→ **WHAT IS NEEDED**
Drop all pictures and repeat exactly the lines from the line holding "Buy DK Eyewitness" through the end of the records.

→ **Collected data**
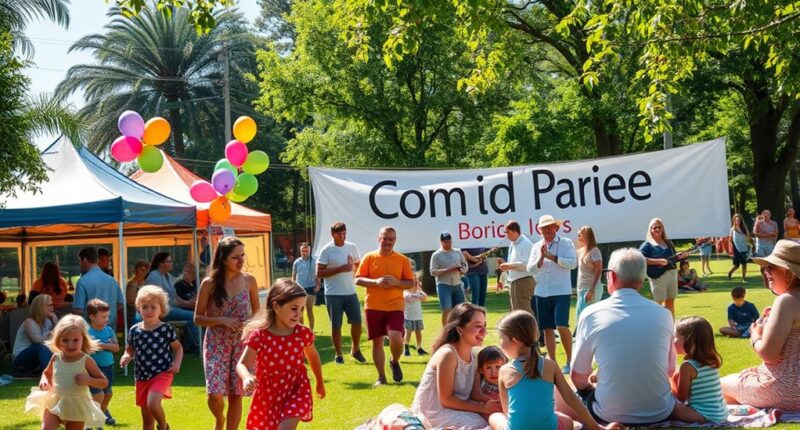 family friendly community activities
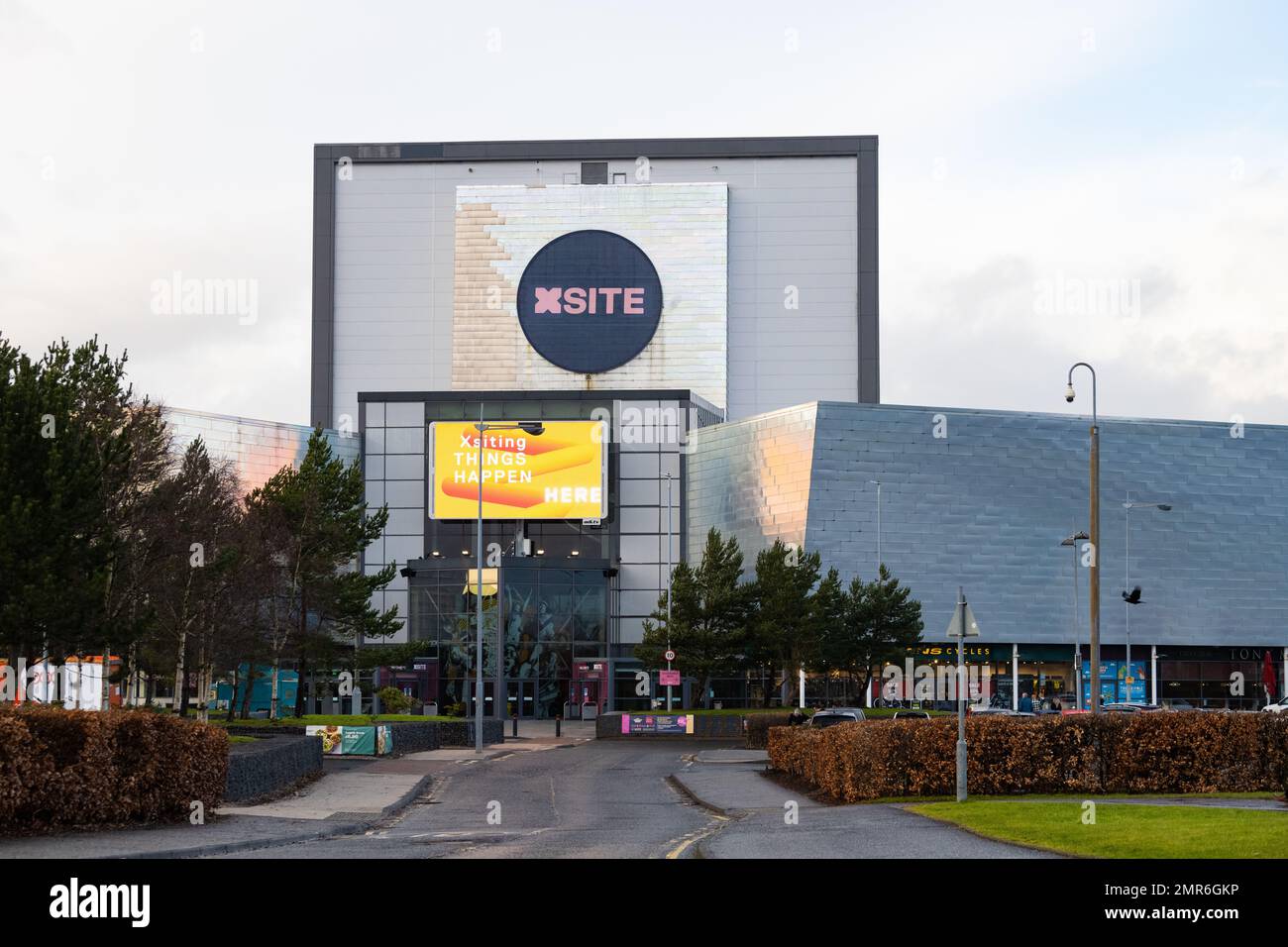 XSITE Braehead, Glasgow, Écosse - complexe de loisirs et de divertissement Banque D'Images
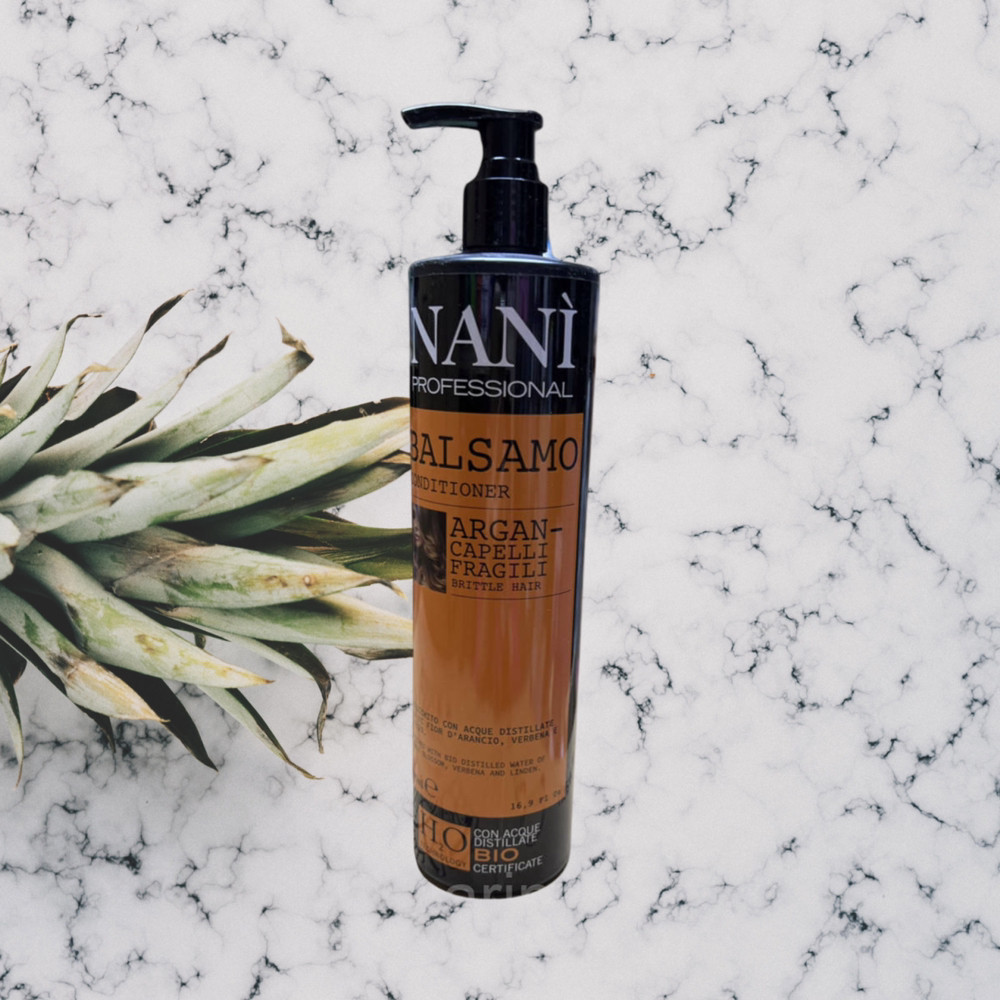 Бальзам-кондиціонер для волосся Nani Professional Арган, 500 мл (NPCA500) Виноградів - фото 2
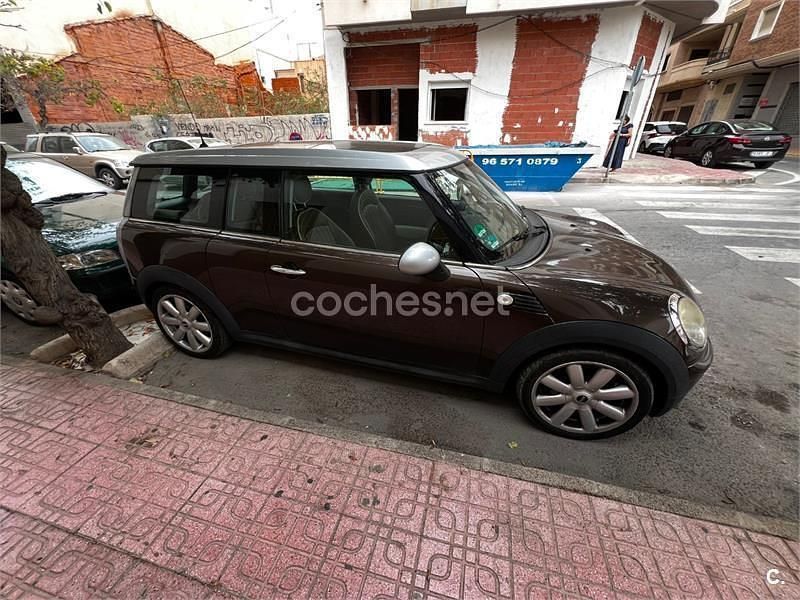 Negro Usado 2007 Mini Cooper Utilitario | 4500 € (Super precio) - Imagen 1/3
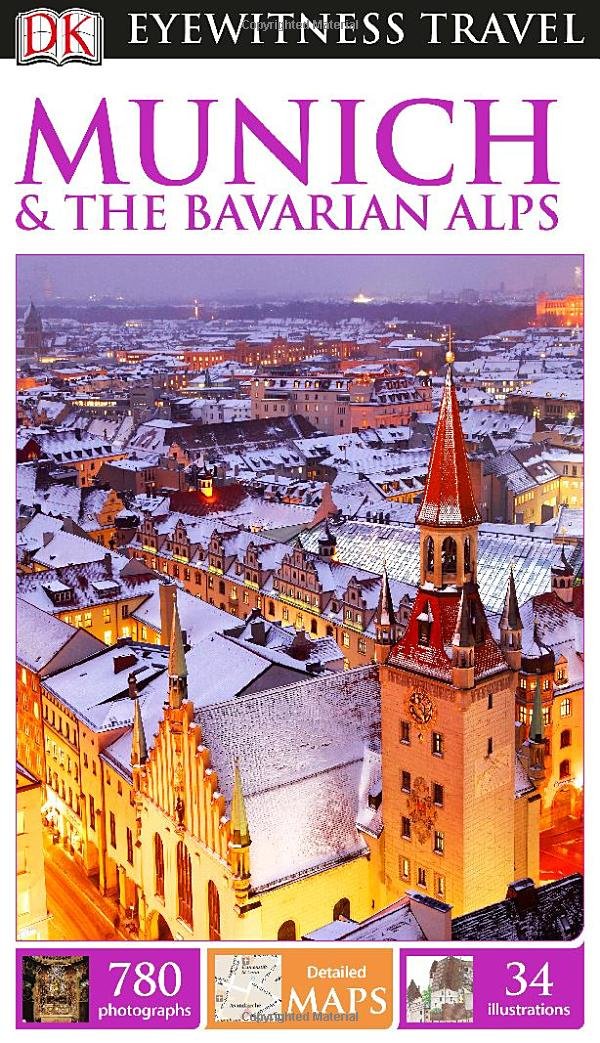 Buy DK Eyewitness Travel Guide: Munich & the Bavarian Alps — BookShops.in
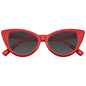 Hot Tip Vintage Pointed Cat Eye Sunglasses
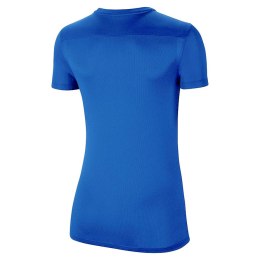 Koszulka damska Nike Nike Dri-FIT Park VII niebieska BV6728 463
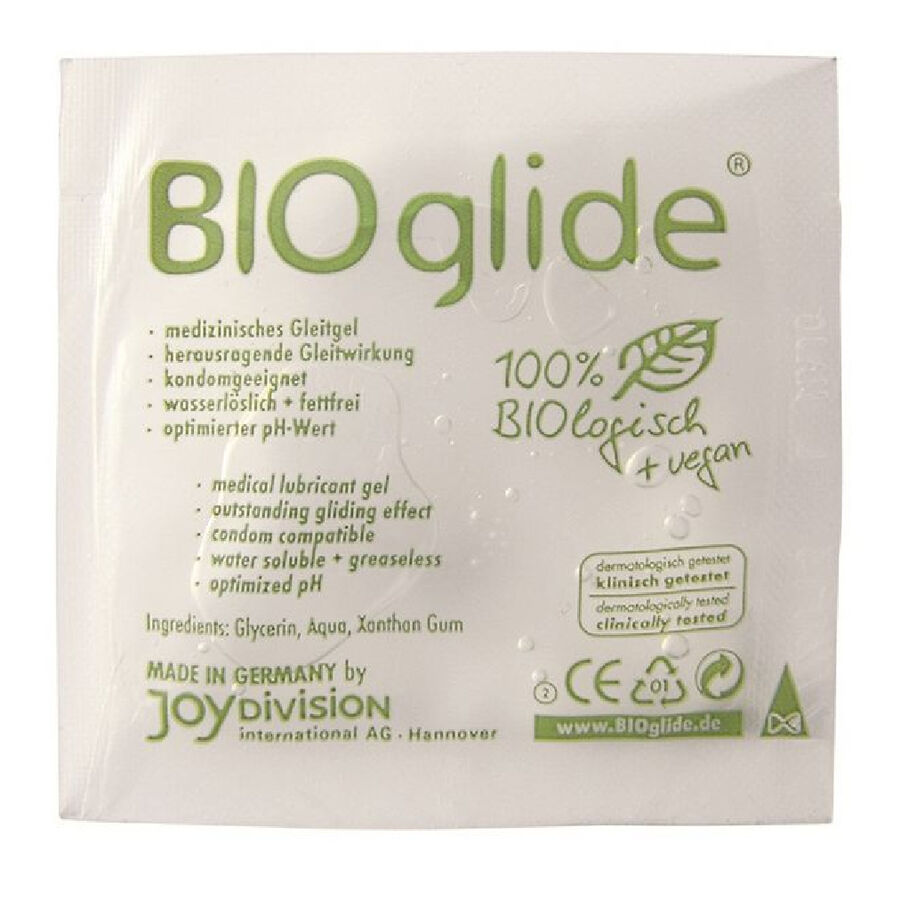 Imagen que nos facilita JOYDIVISION BIOGLIDE de su producto erótico JOYDIVISION BIOGLIDE - LUBRICANTE LIQUID MONODOSIS 3 ML para nuestra categoría "DROGUERÍA |Lubricantes|Monodosis".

→ **RESULT OF THIS TASK**
 Buy DK Eyewitness Travel Guide: Munich & the Bavarian Alps — BookShops.in
 Hot Tip Vintage Pointed Cat Eye Sunglasses
 Koszulka damska Nike Nike Dri-FIT Park VII niebieska BV6728 463
 Imagen que nos facilita JOYDIVISION BIOGLIDE de su producto erótico JOYDIVISION BIOGLIDE - LUBRICANTE LIQUID MONODOSIS 3 ML para nuestra categoría "DROGUERÍA |Lubricantes|Monodosis".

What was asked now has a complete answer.